AEHI, which hopes to convince Elmore County officials to rezone a huge piece of prime agricultural land and convert it into a heavy industrial nuclear complex, filed its most recent report to the Securities and Exchange Commission about four months late. The SEC filing comes on the heels of its lawsuit against the Snake River Alliance seeking money damages and an order requiring Alliance Executive Director Andrea Shipley to retract her statement that AEHI was “scamming Idahoans.” As such the suit fell in the category of what is known as “Strategic Litigation Against Public Participation” (or a SLAPP suit). The Alliance responded with a Motion to Dismiss the lawsuit, which showed Shipley’s opinion, was protected by the First Amendment of the Constitution. AEHI backed down from its allegations, and the Court dismissed its lawsuit with prejudice. To compound its credibility problems, AEHI’s SEC filing failed to properly disclose the lawsuit.

“I’m running out of fingers to count the mistakes AEHI has made in a failed attempt to prove its credibility to Idahoans,” Snake River Alliance Executive Director Andrea Shipley said. “The company’s CEO, Don Gillispie, has failed to appear at the Legislature when invited; erected illegal towers in Owyhee County; was late in paying the $50,000 bill to Owyhee County before moving his nomad nuclear power plant 15 miles upstream to Elmore County; sued the Snake River Alliance for defamation and lost; claimed we negotiated the dismissal of the defamation lawsuit when we did not; claimed I retracted my statement even though I did not; claimed in its initial SEC registry that if a nuclear power plant was not built, it might build a coal plant on the property; filed its SEC report months late and blatantly failed to report being involved in litigation at the time the SEC report was due.”

“Idahoans have been bombarded with inaccurate and incomplete information from AEHI ever since it came to Idaho. This outfit is a distraction from the real issue at hand: Where will our energy come from in the future?” said Shipley.

Beyond the company’s tenuous finances, Idahoans will be interested in learning that the SEC filing says AEHI “Expects it is unlikely the company will be the ultimate owner or operator of any reactor to be built at the site.” Rather, AEHI hopes the plant will be owned and operated by a yet-to-be-determined consortium or joint venture made up of nuclear reactor suppliers and maybe utilities. So far, no utility has endorsed AEHI’s project.

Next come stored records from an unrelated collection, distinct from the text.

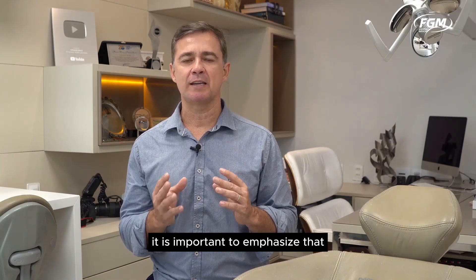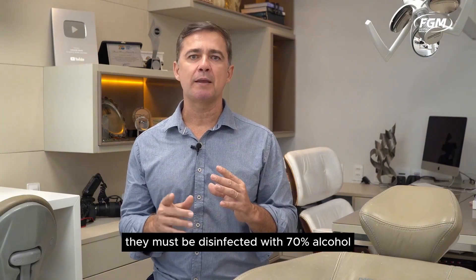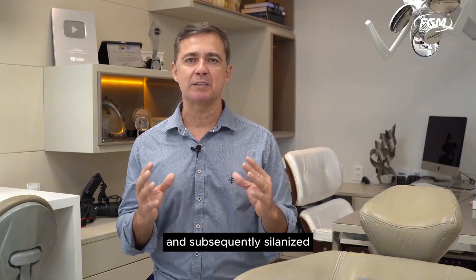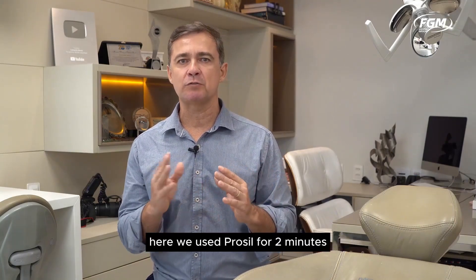It is important to emphasize that before cementing the posts, they must be disinfected with 70% alcohol and subsequently silanized. Here we used ProSeal for two minutes.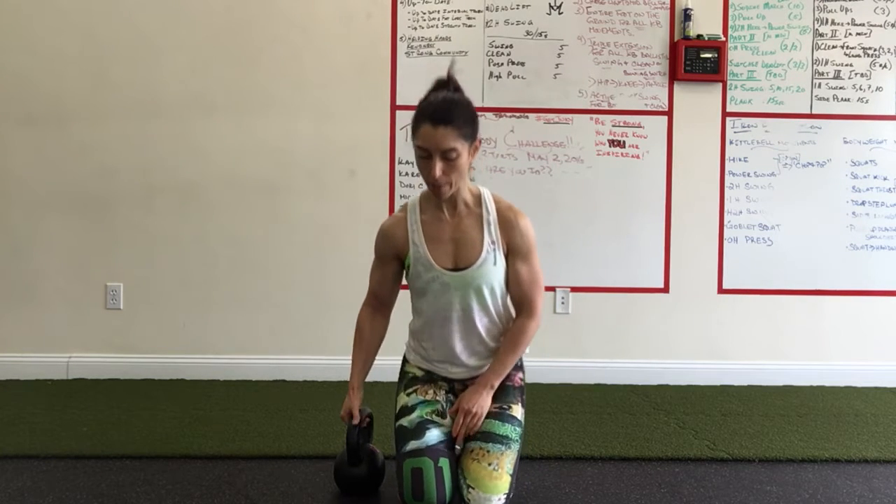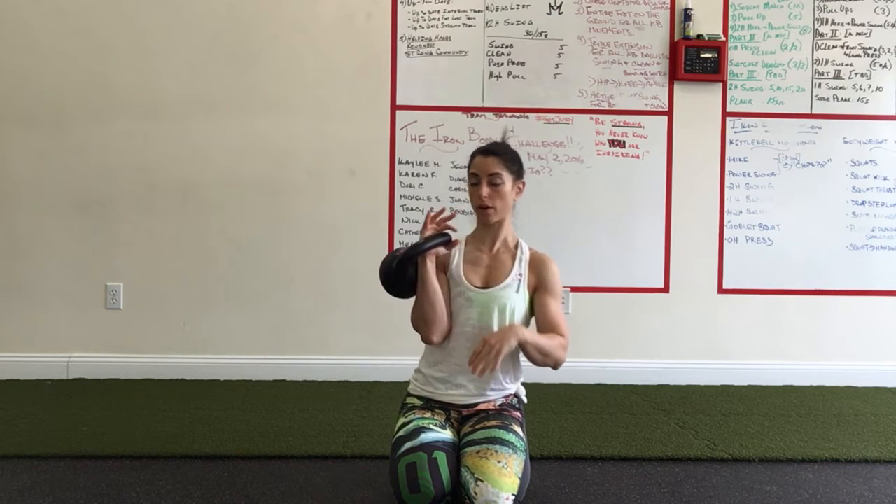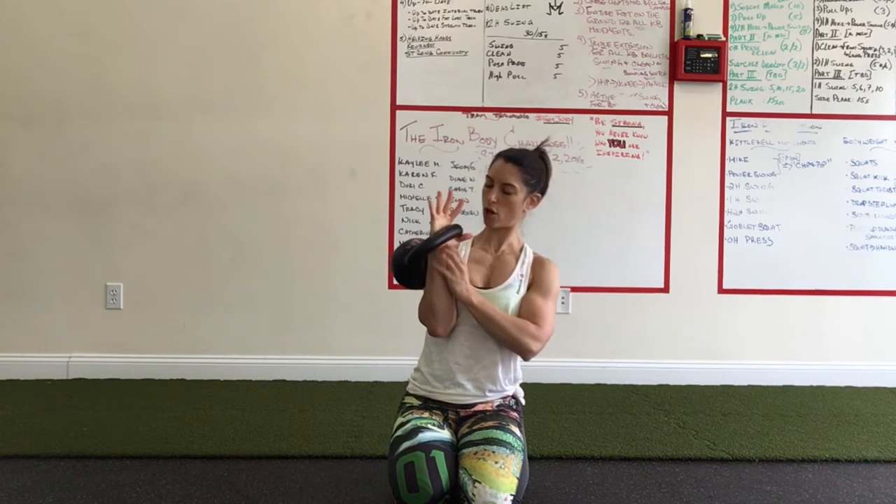Number one is all about where the bell sits in your hand when you go to pick it up. You have sensory receptors in the heel of your hand and on your forearm, so it's really important to tap into those sensory receptors and find that sweet spot for the bell placement in your hand. The bell should sit low in the heel of your hand, deep in the crease between your thumb and forefinger. It should not be high up towards the calluses at the top of your hand — it should be nice and low in the heel of that hand.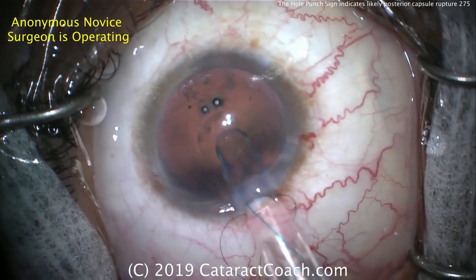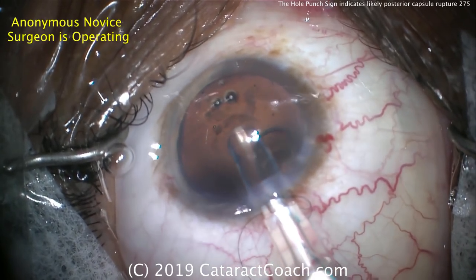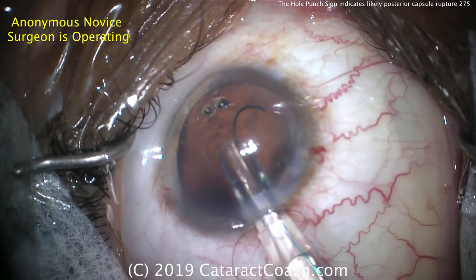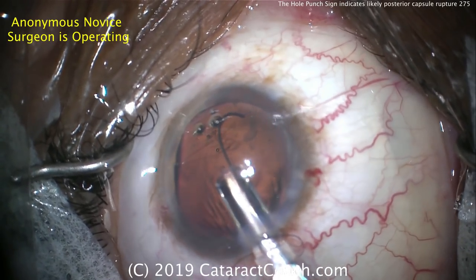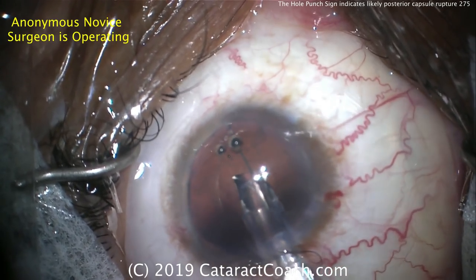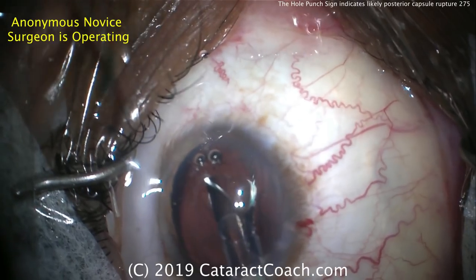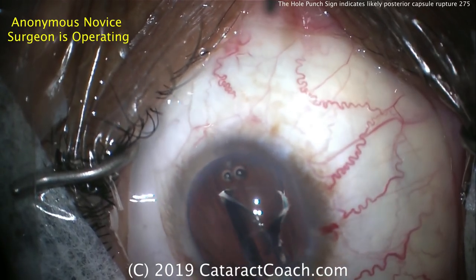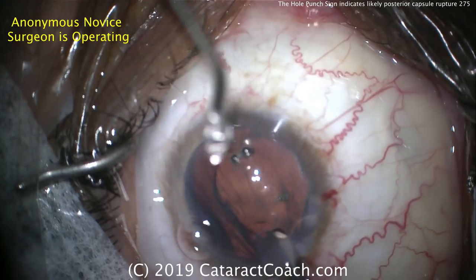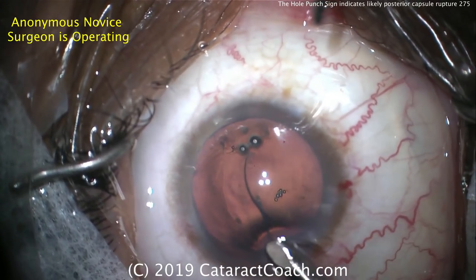You obviously cannot place a single-piece acrylic lens in the sulcus. The first haptic is coming out — we all know that's the wrong orientation. What do we want? It should come out like a number seven. Let's rotate that over. We don't want it in that orientation. Remember: 7L — the first haptic should come out like a number seven and the trailing haptic should come out like a capital letter L. When you look at the lens as a whole, it should certainly not look like the letter S. This orientation here is correct — that looks great.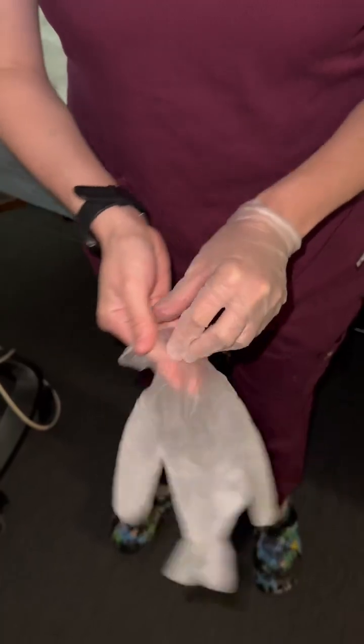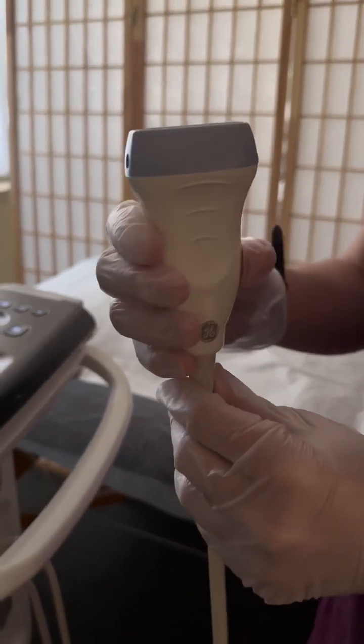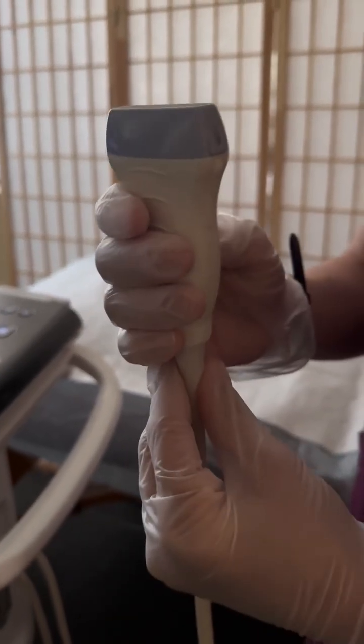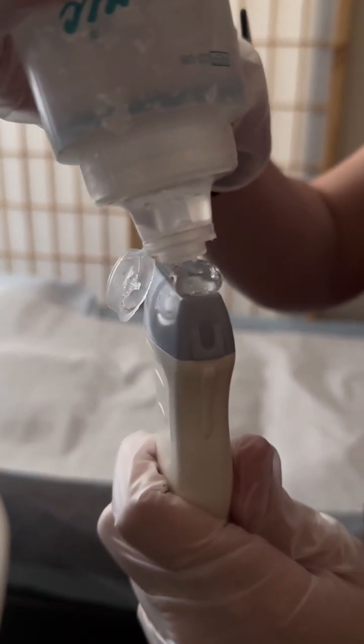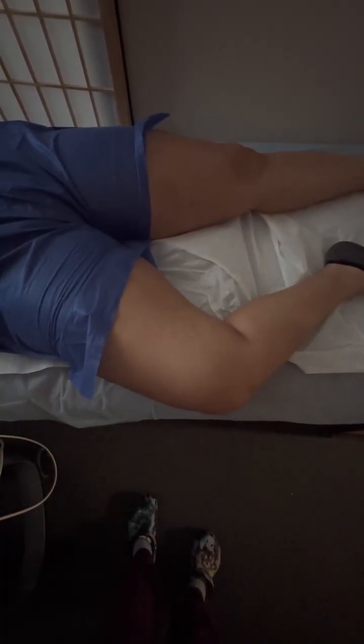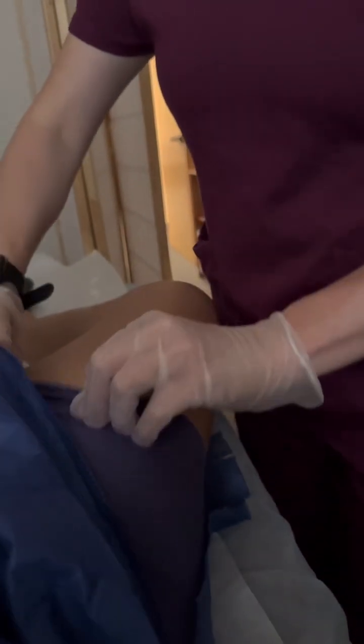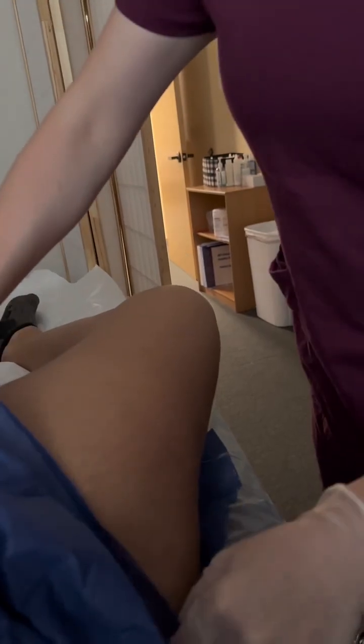First, I'm going to go ahead and put on some gloves before touching the patient or the equipment. For this protocol, we're going to use a linear probe, which is best used for vascular imaging. I'm then going to apply some gel onto the probe. The patient should be in supine position with the knee slightly flexed out. I'm then going to roll up the shorts because I will be scanning from the groin to the knee.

The filing makes it clear AEHI is cash-poor and currently lacks the financing to execute its project. “The Company does not have any loan commitments,” AEHI told the SEC. Moreover, AEHI acknowledges that other nuclear reactor proposals that have far greater financial resources could better position them for the relatively scarce federal loan guarantees and other incentives, meaning AEHI’s project may well be shut out when it comes to lining up at the federal trough for federal giveaways. Or, as AEHI tells the SEC: “Under the Energy Policy Act of 2005, Congress has provided production tax credits, loan guarantees, and regulatory risk insurance for the first new nuclear plants. The Project has a chance to qualify for these, but if the Project is delayed, or the schedule for other planned nuclear plants accelerates, the opportunity to get the incentives may be lost.”

The Snake River Alliance has a long history of advocating for the cleanup of the radioactive legacy from the Cold War at the Idaho National Laboratory and protecting the Snake River Aquifer that lies underneath the contamination. It also advocates clean energy alternatives to nuclear and fossil fuel power generation.